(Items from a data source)
· · · ·
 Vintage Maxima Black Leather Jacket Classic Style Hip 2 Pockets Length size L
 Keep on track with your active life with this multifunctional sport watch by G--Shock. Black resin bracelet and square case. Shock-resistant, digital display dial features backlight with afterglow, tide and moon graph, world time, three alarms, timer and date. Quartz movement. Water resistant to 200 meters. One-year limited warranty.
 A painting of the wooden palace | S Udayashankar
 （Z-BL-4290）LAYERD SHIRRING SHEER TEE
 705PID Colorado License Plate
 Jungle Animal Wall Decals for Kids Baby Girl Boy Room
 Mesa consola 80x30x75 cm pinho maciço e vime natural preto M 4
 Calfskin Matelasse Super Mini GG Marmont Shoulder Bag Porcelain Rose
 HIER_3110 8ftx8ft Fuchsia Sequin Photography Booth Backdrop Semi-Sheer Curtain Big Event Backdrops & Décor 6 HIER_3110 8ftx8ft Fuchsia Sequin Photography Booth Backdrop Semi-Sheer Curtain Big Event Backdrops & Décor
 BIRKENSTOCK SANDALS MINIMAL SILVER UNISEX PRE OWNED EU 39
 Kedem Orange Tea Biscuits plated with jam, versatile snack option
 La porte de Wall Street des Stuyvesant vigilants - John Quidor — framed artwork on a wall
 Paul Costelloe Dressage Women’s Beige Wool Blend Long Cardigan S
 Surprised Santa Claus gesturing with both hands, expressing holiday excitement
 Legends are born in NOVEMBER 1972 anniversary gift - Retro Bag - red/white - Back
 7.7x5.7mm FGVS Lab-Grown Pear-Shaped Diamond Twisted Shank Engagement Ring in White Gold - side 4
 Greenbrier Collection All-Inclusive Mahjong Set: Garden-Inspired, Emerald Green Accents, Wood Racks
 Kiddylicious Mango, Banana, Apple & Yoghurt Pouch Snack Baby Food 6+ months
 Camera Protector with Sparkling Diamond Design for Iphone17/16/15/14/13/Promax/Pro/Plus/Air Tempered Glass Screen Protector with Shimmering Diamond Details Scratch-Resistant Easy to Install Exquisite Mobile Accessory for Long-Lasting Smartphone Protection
· · · ·
◆ **TASK DIRECTIONS**: Take every line above carrying "Wall" and return it.

◆ **FINAL ANSWER**:
 Jungle Animal Wall Decals for Kids Baby Girl Boy Room
 La porte de Wall Street des Stuyvesant vigilants - John Quidor — framed artwork on a wall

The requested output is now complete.